Application Example 2

In the oscillator circuit according to the application example described above, the MOS type variable capacitance elements may be different from each other in dope amount of impurities to a semiconductor layer below a gate electrode.

According to the oscillator circuit related to this application example, the threshold voltage of the MOS type variable capacitance element is adjusted by changing the dope amount of the impurities to the semiconductor layer below the gate electrode. Since the same method as the manufacturing process of the existing MOS type transistor can be used, no dedicated manufacturing process is required, and it is possible to efficiently manufacture the oscillator circuit. It should be noted that the semiconductor layer below the gate electrode denotes, for example, a channel region, and the threshold voltage can be adjusted using the dope amount of the impurities such as arsenic, phosphorous, or boron.

Application Example 3

In the oscillator circuit according to the application example described above, at least one of the MOS type variable capacitance elements may be an enhancement type, and at least one of the MOS type variable capacitance elements may be a depression type.

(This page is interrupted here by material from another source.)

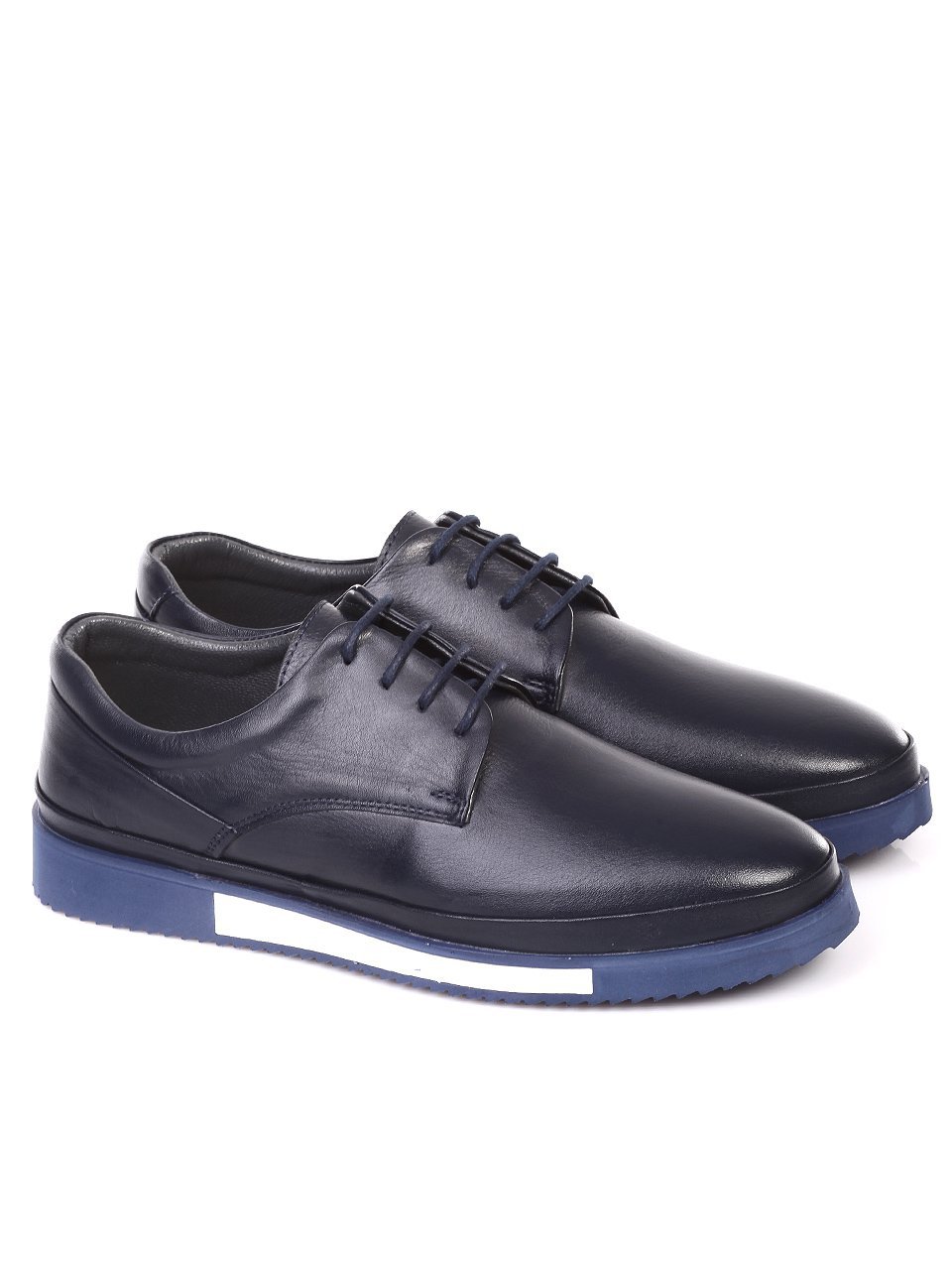 Ежедневни мъжки обувки от естествена кожа в синьо 7AT-18558 dk.blue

According to the oscillator circuit related to this application example, by combining the enhancement type MOS type variable capacitance element and the depression type MOS type variable capacitance element with each other, the linearity of the frequency variation to the control voltage variation can be improved. Here, the depression type MOS type variable capacitance element denotes the MOS type variable capacitance element having the threshold voltage no higher than 0V, and the enhancement type MOS type variable capacitance element denotes the MOS type variable capacitance element having the threshold voltage higher than 0V. By combining the enhancement type MOS type variable capacitance element and the depression type MOS type variable capacitance element with each other, and setting a voltage between the threshold voltage of the depression type MOS type variable capacitance element and the threshold voltage of the enhancement type MOS type variable capacitance element to the center voltage Vm in the variation characteristic of the composite capacitance to the control voltage variation, it is possible to linearly vary the composite capacitance by varying the control voltage based on the center voltage Vm, and thus, it is possible to realize the oscillator circuit which can easily be adjusted by the user.

Application Example 4

In the oscillator circuit according to the application example described above, the control voltage may be commonly applied to the one of the terminals of all of the MOS type variable capacitance elements, and the reference voltage may be commonly applied to the other of the terminals of all of the MOS type variable capacitance elements.

Application Example 5

In the oscillator circuit according to the application example described above, the control voltage may be commonly applied to the one of the terminals of all of the MOS type variable capacitance elements, and reference voltages different from each other may be applied to the other of the terminals of the respective MOS type variable capacitance elements.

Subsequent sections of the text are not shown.